Good luck to ya,done been down that road met some good people and got to run behind some good hounds,some not so good thats the one's that goes back to the truck.I remember a s.e.regional hunt I judged several cast's that day including the winners pack.They were alot  of hounds entered from all over the U.S. The winners pack was one of the best group of hounds I've ever judged.They ran a rabbit with very few checks and you could throw a blanket over them when they were runing.Thats the way apack is suppose to work then you know all the judges has done a good job at lookin at the hounds.I think D.R. had a hound in that pack.


----------



## mlandrum (Feb 16, 2010)

*Go For It Cory!!!!!!*

Cory sounds like the BUG (TRIALING ) has really bit you!!!!!! Go for it and win then we ole south Georgia boys can say, " Hey I know ole Cory". Watch those ADULT BEVERAGES,them yankees i hear really put it away!!!!


----------



## big wheel (Feb 16, 2010)

Been there myself and like yoncey says some good and some bad but one thing for sure we always seem to run rabbits up there a nice club for sure!!cory just dont let doug keep you out all night at the casino!!!just kidding doug, good luck to all who goes!!i wont be able to go this time maybe next year!!later steve


----------



## Corey (Feb 16, 2010)

big wheel said:


> Been there myself and like yoncey says some good and some bad but one thing for sure we always seem to run rabbits up there a nice club for sure!!cory just dont let doug keep you out all night at the casino!!!just kidding doug, good luck to all who goes!!i wont be able to go this time maybe next year!!later steve



Honey if you read this he is just joking, there is nothing 
up there but Big Amish Women, horse and buggies
and its a dry county..


----------



## crackerdave (Feb 16, 2010)

Them Amish wimmens can _sho nuff cook!_


----------



## dirtroad (Feb 16, 2010)

Good luck,rode a million miles with D.R. back when we were field trialing.Nothing like the ride home after you won!!!!!


----------



## Curtis-UGA (Feb 16, 2010)

Good luck! I never had much luck at the US but did manage to win the open class in the 1998 Southeast Regional. I judged alot at the US the two years I attended. I believe judging is a great benefit to the judge because you see all the hounds strengths and weakness. When I look at a pedigree now I can see those hounds and remember the impression they made on me. I still remember judging Jim Dandy, Tadpole and Homer to name a few and wittnessing first hand the ability of these great stud dogs. I also saw a few big name dogs that were sloppy or not that impessive. My judging days still influence my breeding. Have a great time! Go watch the big boys run, and bring back some bling!!


----------



## Beagler282 (Feb 16, 2010)

crackerdave said:


> Them Amish wimmens can _sho nuff cook!_



Oh yes they can! We always eat at the Amish house across the street from the motel and boy do they have a awesome buffet.When those beaglers get in there after a long day in the field they can demolish that buffet.Ol Bigwheel and 281 don't do a bad job themselves when they go.


----------



## Beagler282 (Feb 16, 2010)

Curtis-UGA said:


> Good luck! I never had much luck at the US but did manage to win the open class in the 1998 Southeast Regional. I judged alot at the US the two years I attended. I believe judging is a great benefit to the judge because you see all the hounds strengths and weakness. When I look at a pedigree now I can see those hounds and remember the impression they made on me. I still remember judging Jim Dandy, Tadpole and Homer to name a few and wittnessing first hand the ability of these great stud dogs. I also saw a few big name dogs that were sloppy or not that impessive. My judging days still influence my breeding. Have a great time! Go watch the big boys run, and bring back some bling!!
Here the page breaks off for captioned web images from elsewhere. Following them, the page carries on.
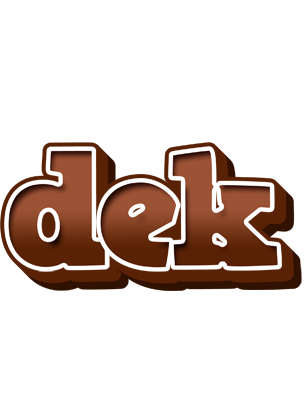 Dek brownie logo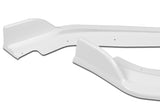 2017-2022 Infiniti Q60 Coupe Painted White V-Style 3-Piece Front Bumper Body Spoiler Splitter Lip Kit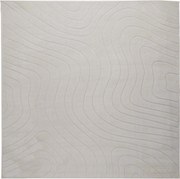 vidaXL Covoare de zonă Pătrat PALMERAS Crem 120 x 120 cm Poliester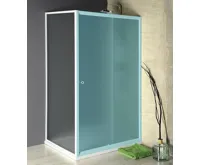 AQUALINE AMADEO boční stěna 900 mm, sklo Brick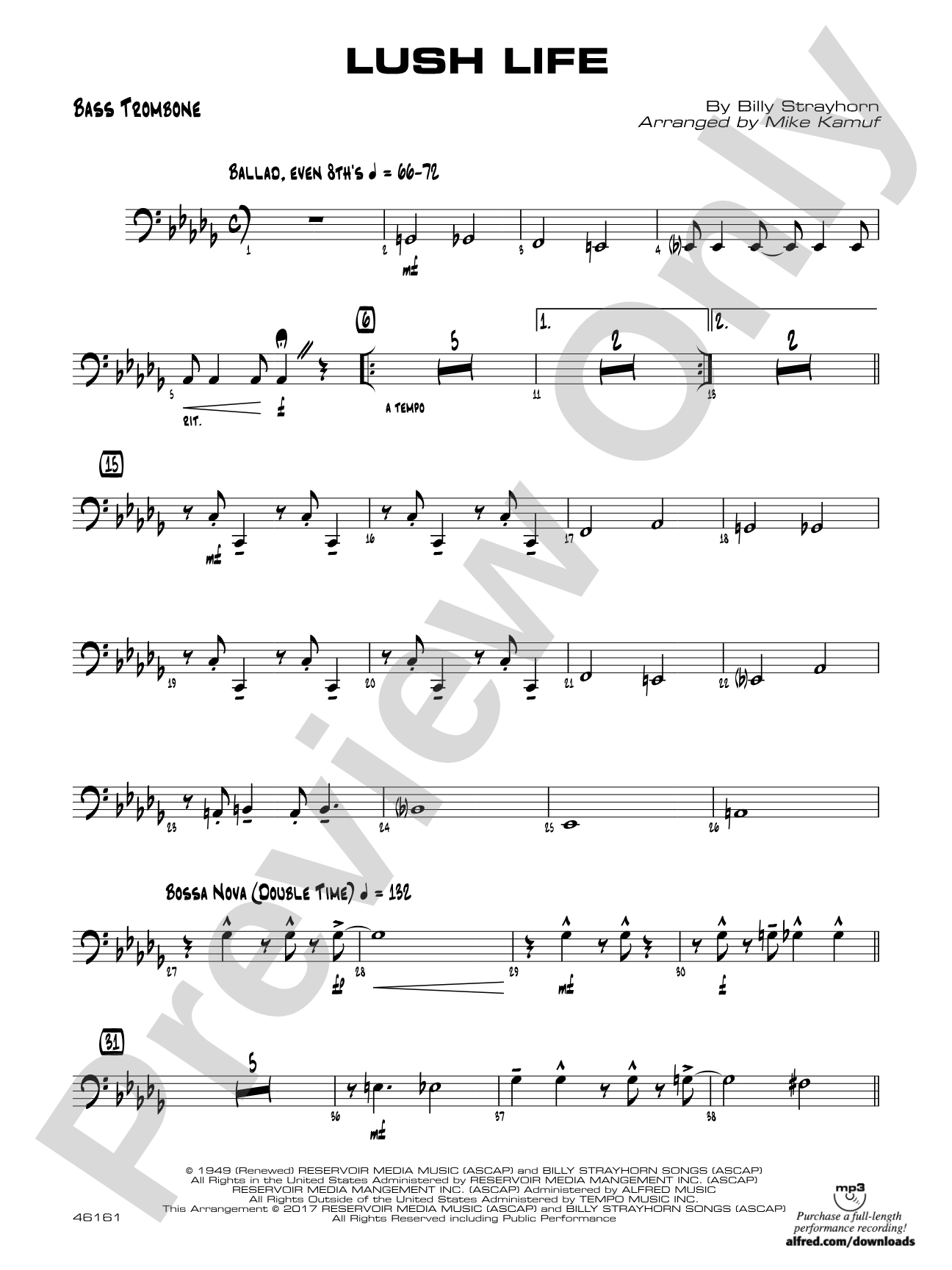 Lush Life: Bass Trombone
It's amazing the impact those 3 hounds you just mentioned have made on the beagle world.They were certainly good hounds but they also produced some good hounds.If i had to guess Jim Dandy has produced more champions than any other hound in the ARHA.I always said you could have bred him to any female beagle out there and you would have had a litter of above average hounds.


----------



## beagler101 (Feb 18, 2010)

Corey said:


> If you would have asked me last year if I would
> ever try this I would have flat out told you no,
> im a Rabbit Hunter not a Field Trailer but I
> got the bug!
> ...



sorry to bust your bubble but if mine and your dog get down to the last cast mine as well scratch your dog cause my dog has 2 wins in 4 trials i'm just joking i wish you the best of luck and anyone else that is going remember my dogs name "wade's blue dixie"


----------



## Corey (Feb 18, 2010)

beagler101 said:


> sorry to bust your bubble but if mine and your dog get down to the last cast mine as well scratch your dog cause my dog has 2 wins in 4 trials i'm just joking i wish you the best of luck and anyone else that is going remember my dogs name "wade's blue dixie"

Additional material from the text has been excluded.